In many cases, conventional sequential operations are undesirable because they require many trips into and out of the well. As water and well depth increase, this nonproductive tripping time becomes a significant cost — often the bulk of the well completion cost. Instead, single-trip completion tools can save rig time by combining multiple functions.

For example, the ComPlete MST (multizone, single-trip) system uses patented technology to facilitate one-trip sand-face completions across multiple production intervals (Figure 1). The system has been used to rapidly complete more than 25 shallow- and deepwater wells in the GoM, India, and Indonesia, with as many as six zones isolated in one trip.

For example, in a deepwater GoM well, use of a 9 ?-in. version of the system allowed crews to complete the well and perform frac-pack stimulations in two distinct zones, with operations lasting only seven hours longer than previous one-zone completions in the same area. The operator estimated the system saved more than three days of rig time. Recent work in shallower water offshore Indonesia saved an operator more than 50 days of rig time while completing 16 zones in three wells with frac and gravel packs.

Stimulation equipment and fluids, scale-up to fit requirements

Pumping the stimulation treatments for these state-of-the-art wells requires state-of-the-art fluids and equipment. For example, the new Blue Dolphin stimulation vessel is the first 20,000-psi pressure-rated stimulation vessel specially designed for ultra-deepwater conditions. Its mission-critical hardware includes multiple ultra-high-pressure flexible umbilical lines, eight skid-mounted 3,000-bhp Gorilla frac pumps, and storage capacity for 2.75 million lb (1,250 t) of proppant; 1,885 bbl (300 cu m) of fluids, completion brines, and solvents; and 12,600 gal (48 cu m) of raw acid.

Even such high-horsepower surface equipment will be challenged to achieve frac pressures in ultra-deepwater wells without the help of weighted fracturing fluids such as the delayed-crosslink BrineStar family of fluid systems.

Compatibility testing of all drilling, completion and stimulation fluids is critical, as demonstrated by a recent GoM stimulation operation. While drilling a 10,500-ft (3,200-m) gas well, the operator lost more than 4,200 bbl (670 cu m) of synthetic oil-base mud (SOBM) to an underpressured zone.

After smaller losses had occurred on neighboring wells completed by another service company, the SOBM left in the formation combined with high-density completion brines and frac-pack fluids to develop emulsions that plugged the wells immediately after completion.
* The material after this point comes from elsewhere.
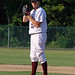 Marc Colvin Photo 6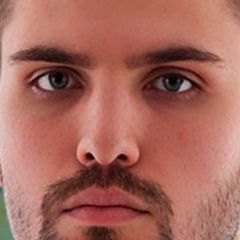 pistol2230 FACEIT avatar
Expensive remedial coiled tubing intervention eventually enabled sub-optimal 7.5 MMcf/d (212,000 cu m/d) production with more than 6,000 psi (41.4 MPa) flowing tubing pressure.
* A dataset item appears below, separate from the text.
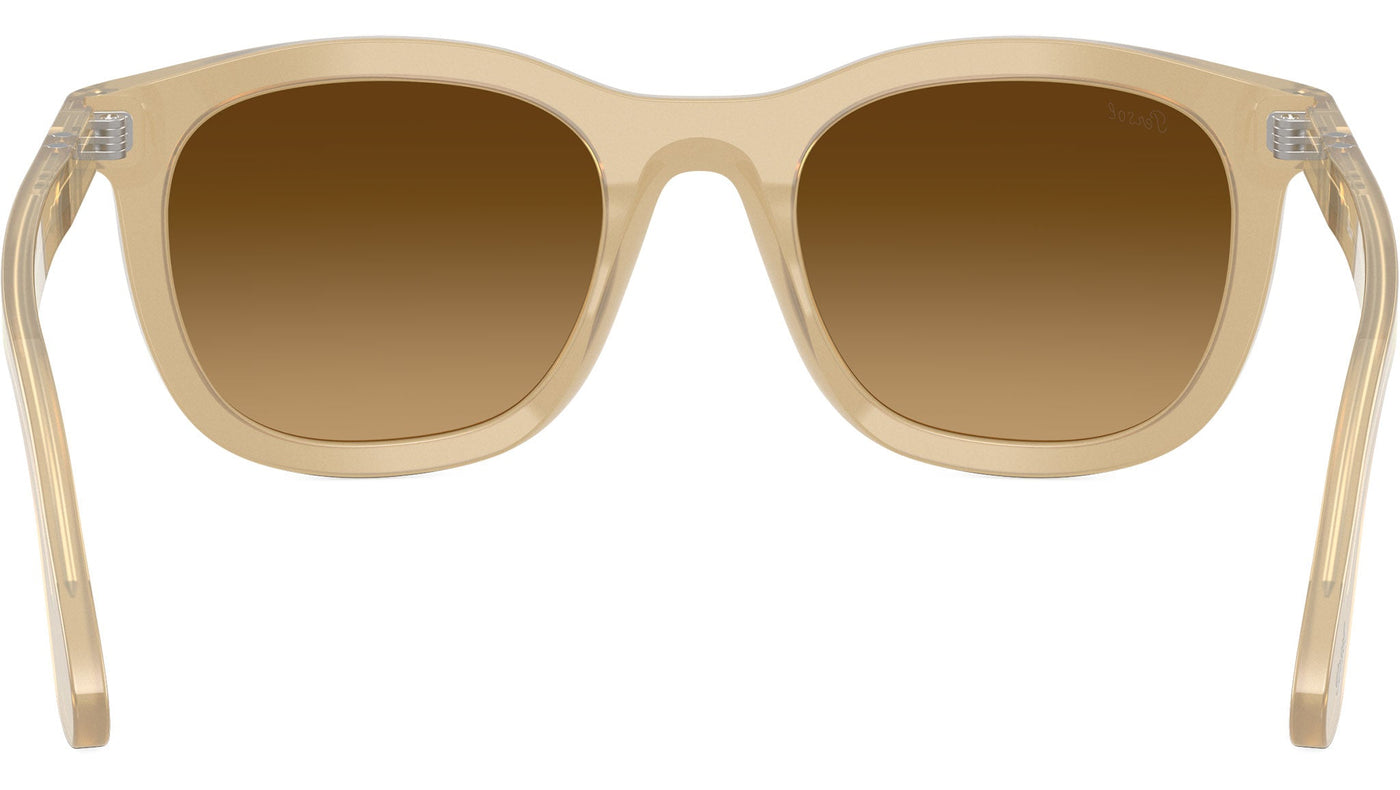 Gafas Graduadas Persol PO3395S 116985 52 21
To avoid these problems in the new well, BJ Services performed detailed compatibility studies to select an economical but effective chemical and surfactant package — an optimized Paravan system — to prevent emulsions. This system was pumped as a component of all the fluid systems injected into the formation during the completion.
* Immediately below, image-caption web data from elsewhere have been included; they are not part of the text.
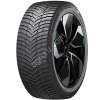 255/50R20 Hankook iON Nordic i*ce SUV IW04A 109T шип., (арт.: 1035019)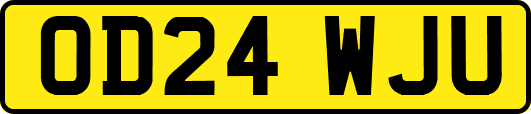 OD24WJU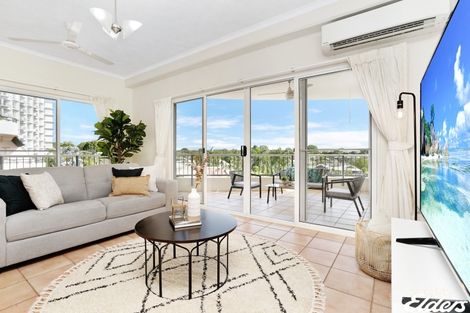 Property photo of 14/16 Marina Boulevard Larrakeyah NT 0820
Initial well production was more than 10 MMcf/d (283,000 cu m/D) at low drawdown, which was better than the operator’s expected potential. After three months, the well showed no indications of emulsions, and no remediation or chemical treatment has been required. These factors significantly improved the economics of the well compared with the offsets.

In another innovative damage-prevention measure, BJ Services provides StimPlus services for long-term inhibition of common downhole problems such as scale, asphaltene, paraffin, and salt deposition and corrosion. For example, a GoM well that included ScaleSorb solid scale inhibitor in an April 2007 frac pack was still showing effective inhibitor residuals a year later in a well producing 3,500 b/d of water. To provide the same protection in sand-face completions that do not include fracture stimulation, BJ Services recently installed a completion system that included a screen prepacked with sand and 12/20-mesh ScaleSorb solid scale inhibitor.